** Exercise **
For the material below, the expected output is exactly the lines between the line holding "Boucles d'oreilles Triple Ovales n°272" and the line holding "Puzzle Pineapple, watercolor. (Horizontal)", inclusive, with pictures left out.

** Task material **
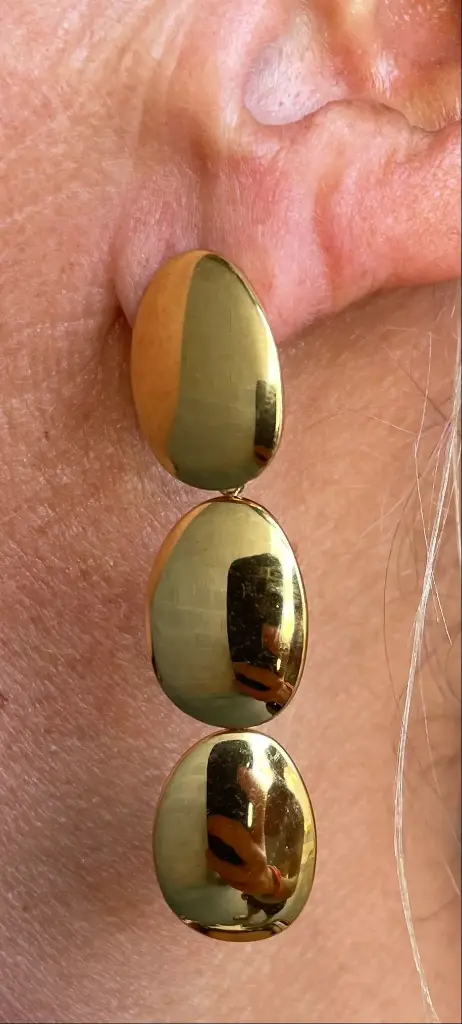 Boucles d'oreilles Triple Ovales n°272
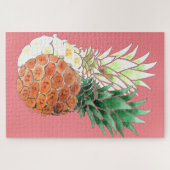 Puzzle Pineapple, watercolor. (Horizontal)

--

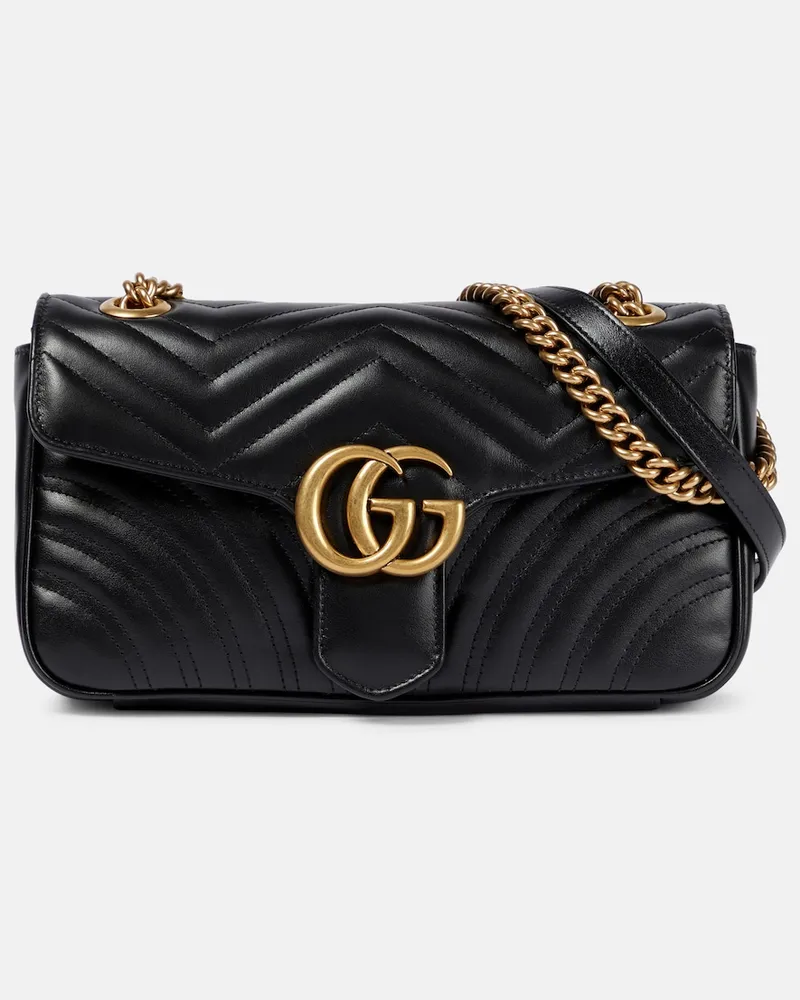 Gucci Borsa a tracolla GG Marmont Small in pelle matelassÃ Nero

** Response to this exercise **
 Boucles d'oreilles Triple Ovales n°272
 Puzzle Pineapple, watercolor. (Horizontal)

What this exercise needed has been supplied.